Director: Lawrence Michael Levine
If Anna Kendrick were an indie star, her name would be Sophia Takal. The pair look alike, have some of the same mannerisms, and are only separated by a few hundred million dollars. Perhaps that’s where Takal would like to go with her career, to super-stardom with Kendrick. Or perhaps not, perhaps she wants to be a director/producer/indieactress, who knows. Anna Kendrick sure didn’t start at the top; people forget that she was a side character in the Twilight movies. That’s right, she played second fiddle to Kristen Stewart, the wet rag of Hollywood. Anyway, I digress. If you’d like to see an Anne Kendrick look-alike lead a quirky cast in a crime caper throwback with an indie twist, look no further.

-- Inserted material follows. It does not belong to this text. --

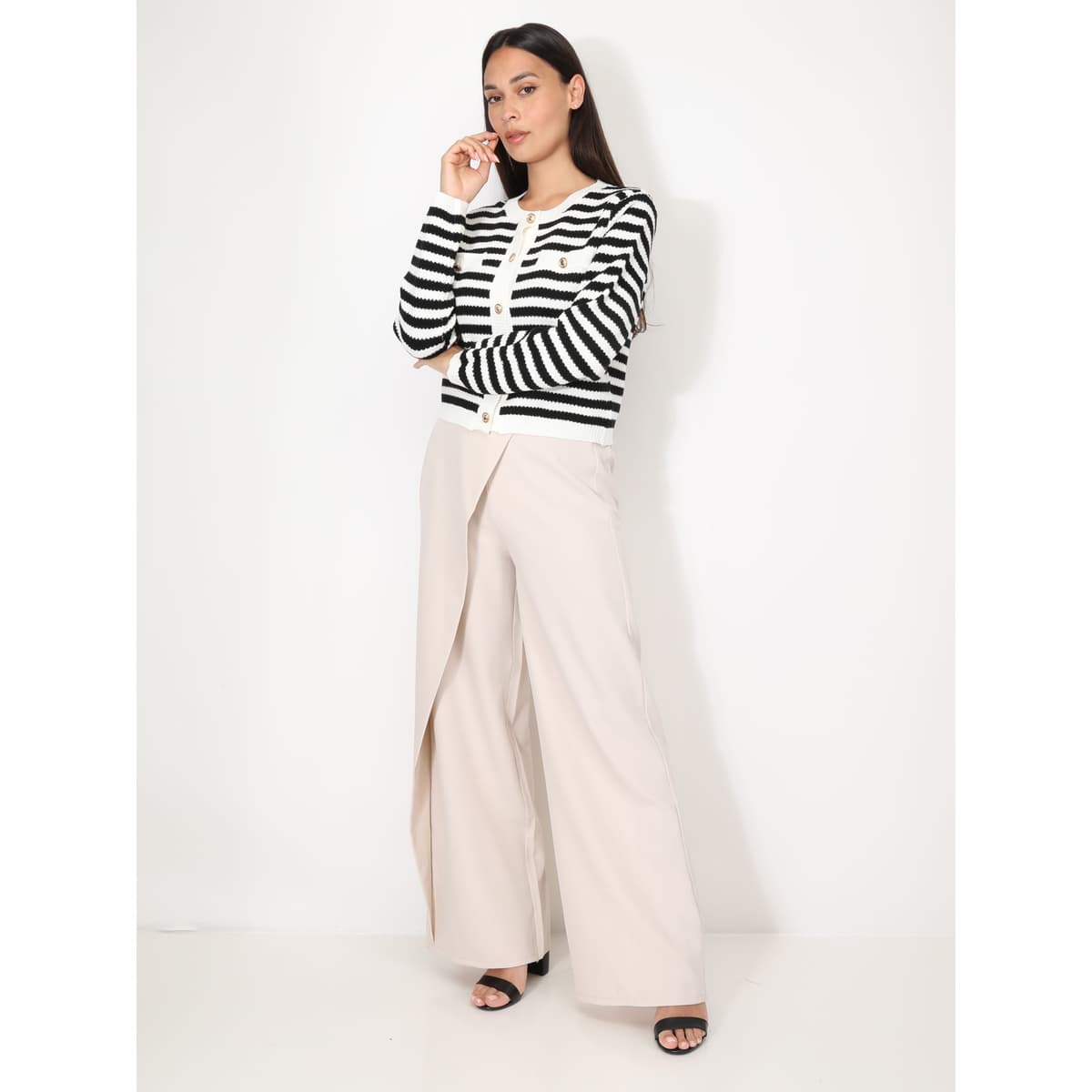 Women's Jackets La Modeuse Black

This is a movie about characters, so here’s the rundown. Barri is an unemployed New Yorker who lives with her boyfriend and is trying to turn a big idea into an actual moneymaker. Noah is her beau, he owns a small company that deal with film directors. Eleanor is his ex-girlfriend & business partner, a current lesbian who might still love Noah. Jean is the couple’s roommate, also a lesbian, often annoying Noah, maybe loving Barry, highly attracted to Eleanor. The action of the plot begins when Barri’s & Noah’s neighbor Sylvia dies, leaving her son Anthony to deal with her finances. Damien, the owner of the building, intends to sell now that the last rent-controlled tenant is gone. But was there foul play? That’s what Barri is determined to find out, while Noah tries to stop her, Eleanor creates complicated theories, Jean attempts to help, Anthony acts suspicious, and Damien makes masks of the people he knows. Odd? You betcha.
As with most New York indie comedies, there’s a certain feel. Woody Allen crafted it, others have duplicated it, and it’s always there, permeating the story and adding to the drama. The apartments, the tenants, the city streets, the subways, the rooftops; and that’s just the background. You also have the typical cast of characters, one that Allen would instantly relate to. Levine does his best to direct & star in a film that pays homage to an old school style, and it mostly works. The film is indie-meets-classic, a new take on an old premise. The intrigue, the comedy, the fast pace, the ridiculous choices, the light mood despite the dark premise; it’s a film that’s easy to like. The problem is that it’s not great. It doesn’t shine on its own, doesn’t compel audiences to laugh out loud, and doesn’t move far beyond the good base that sets it up to succeed but doesn’t guarantee complete success. Wild Canaries in a quick laugh, a nice throwback, but no more.